**Required action:**
Copy each line of the data beneath in which the word "Blue" appears.

**Data supplied:**
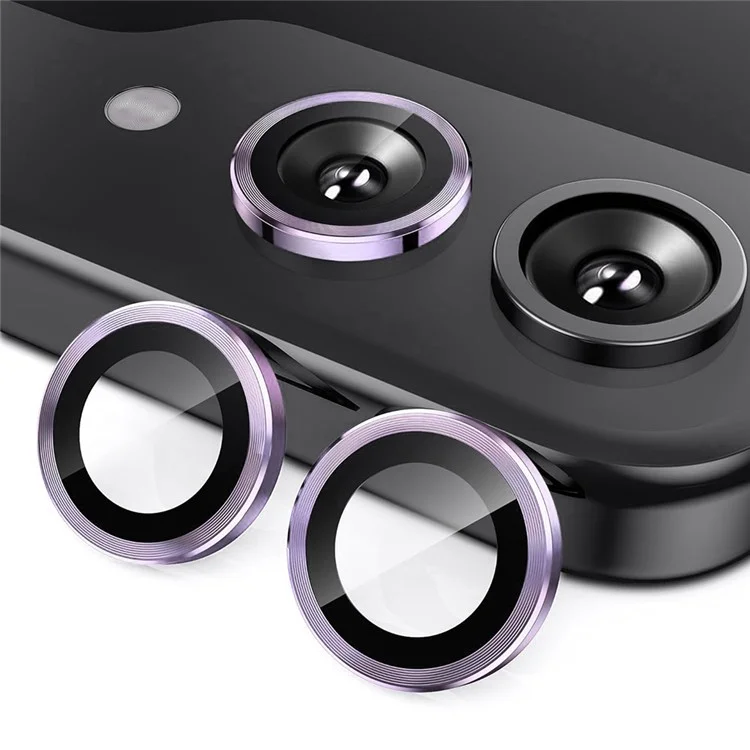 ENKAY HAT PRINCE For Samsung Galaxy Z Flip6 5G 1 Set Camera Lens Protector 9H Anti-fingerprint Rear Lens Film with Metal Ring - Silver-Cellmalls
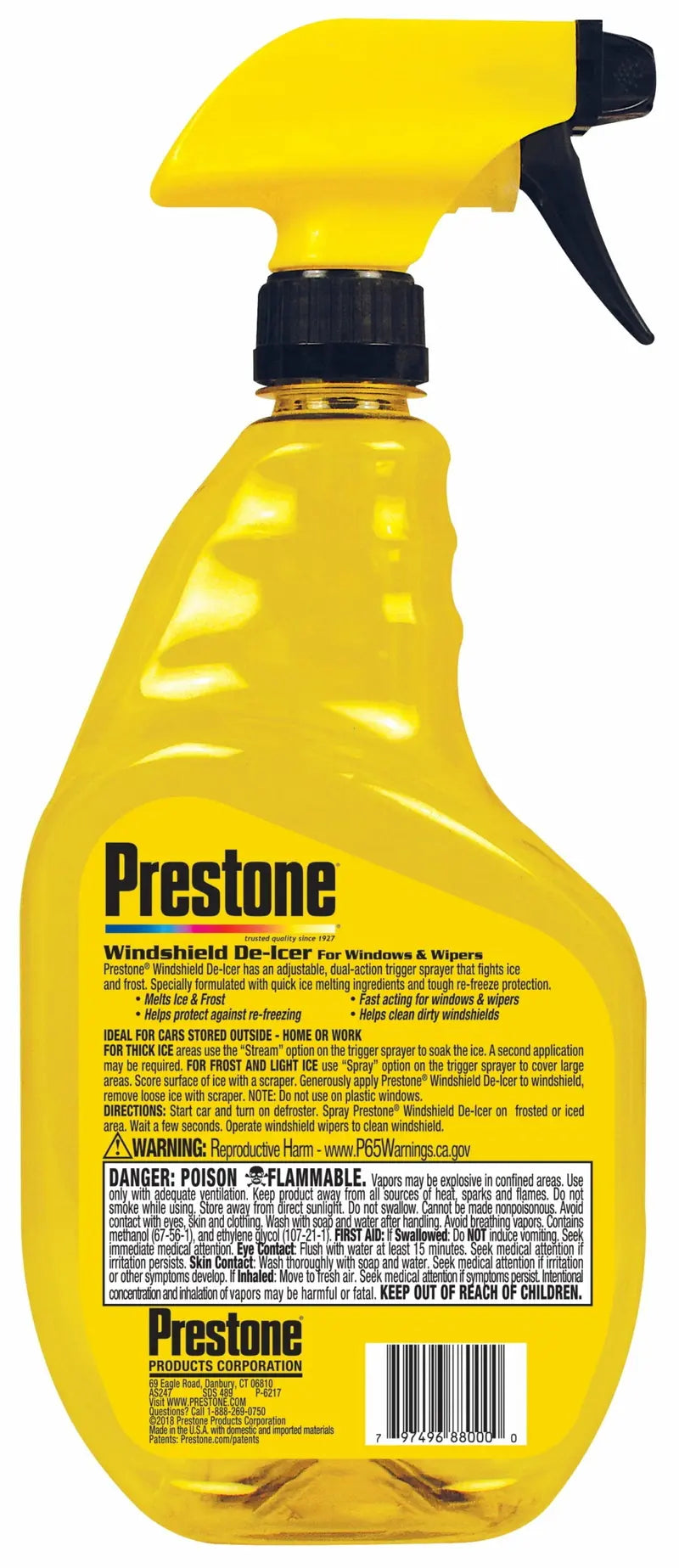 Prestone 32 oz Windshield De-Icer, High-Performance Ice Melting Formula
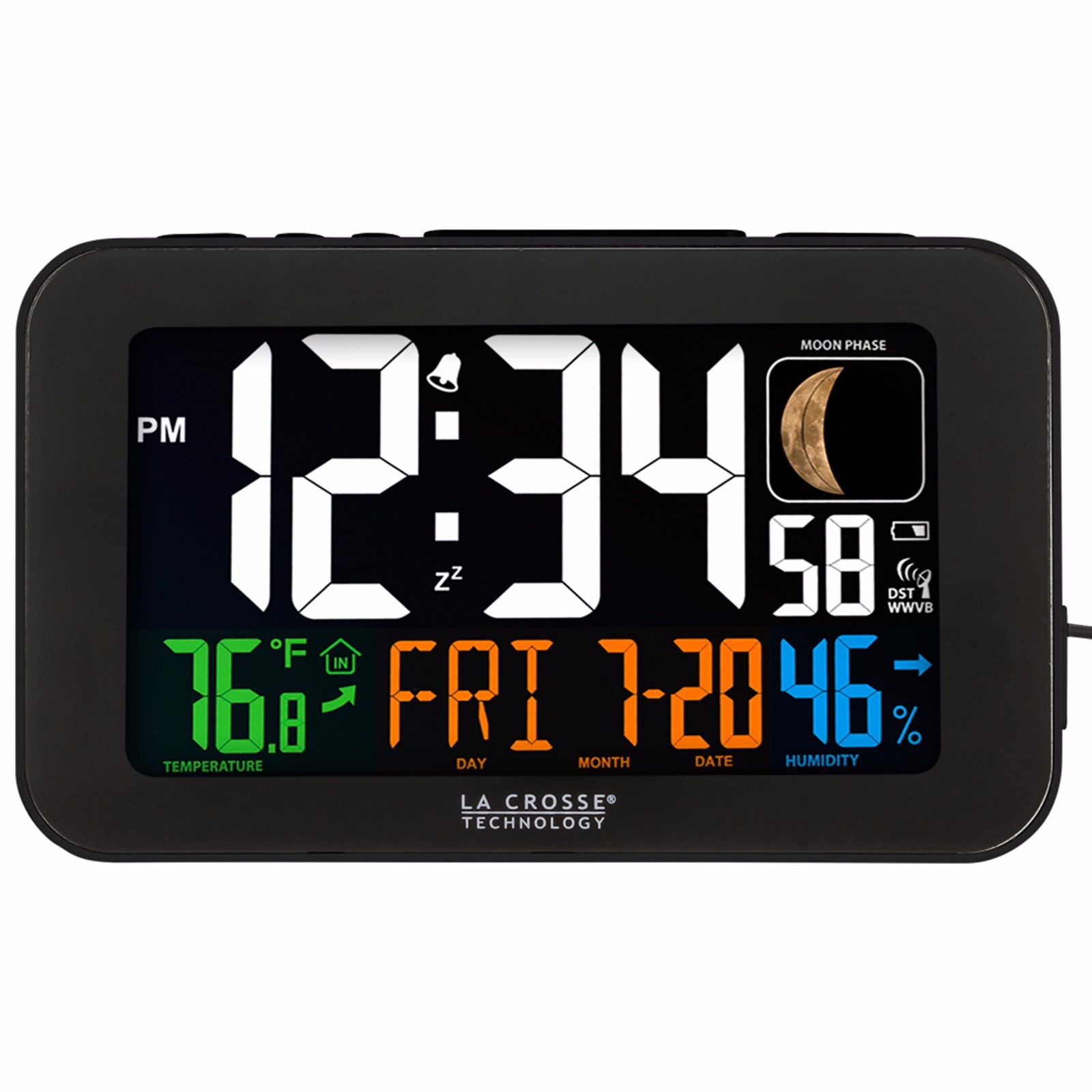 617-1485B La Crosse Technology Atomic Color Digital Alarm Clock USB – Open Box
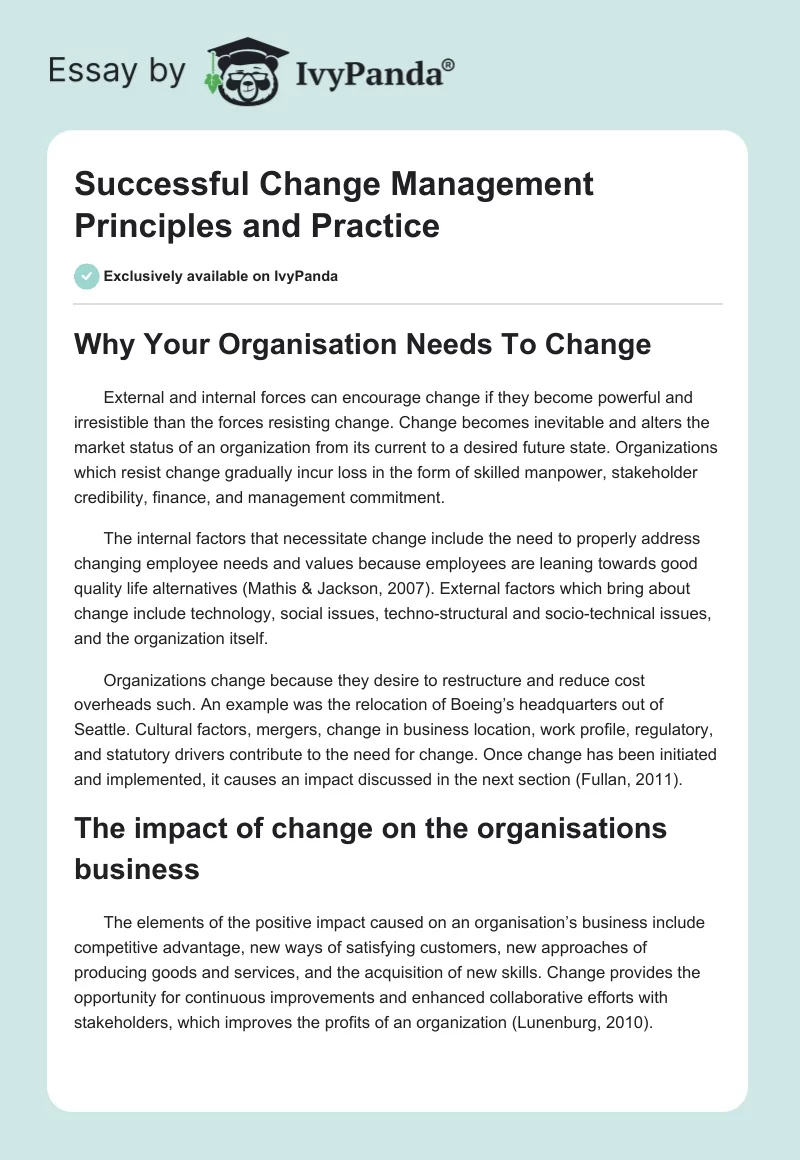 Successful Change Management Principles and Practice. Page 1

* * *

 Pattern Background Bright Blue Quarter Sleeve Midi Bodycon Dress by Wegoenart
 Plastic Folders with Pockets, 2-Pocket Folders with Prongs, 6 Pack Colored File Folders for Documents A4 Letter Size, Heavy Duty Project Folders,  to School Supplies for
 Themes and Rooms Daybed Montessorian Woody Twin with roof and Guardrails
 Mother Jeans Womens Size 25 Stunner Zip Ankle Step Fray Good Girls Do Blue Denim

==

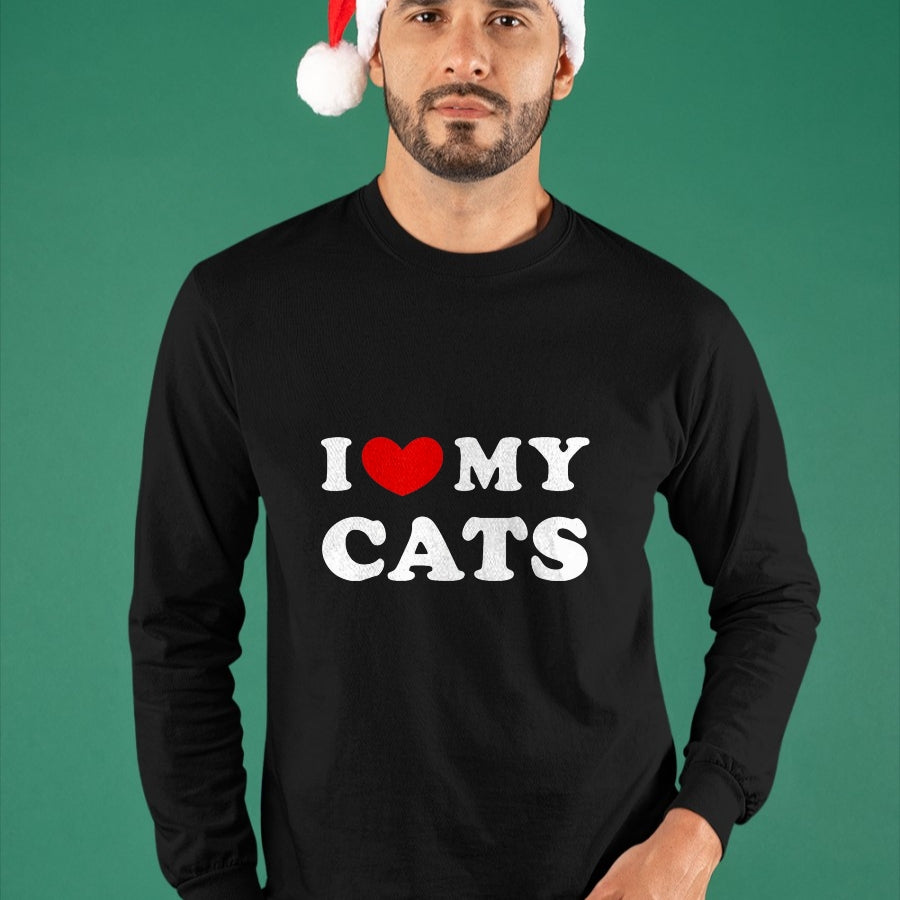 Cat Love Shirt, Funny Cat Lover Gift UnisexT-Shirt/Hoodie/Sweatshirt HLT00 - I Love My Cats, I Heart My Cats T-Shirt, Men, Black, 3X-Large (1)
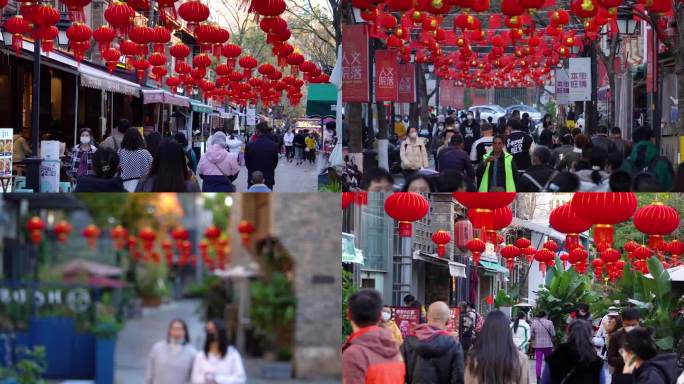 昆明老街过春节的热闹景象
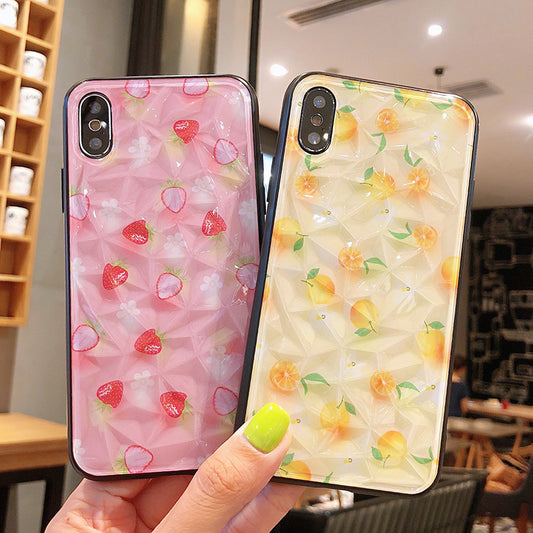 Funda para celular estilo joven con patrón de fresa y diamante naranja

**Response:**
 Pattern Background Bright Blue Quarter Sleeve Midi Bodycon Dress by Wegoenart
 Mother Jeans Womens Size 25 Stunner Zip Ankle Step Fray Good Girls Do Blue Denim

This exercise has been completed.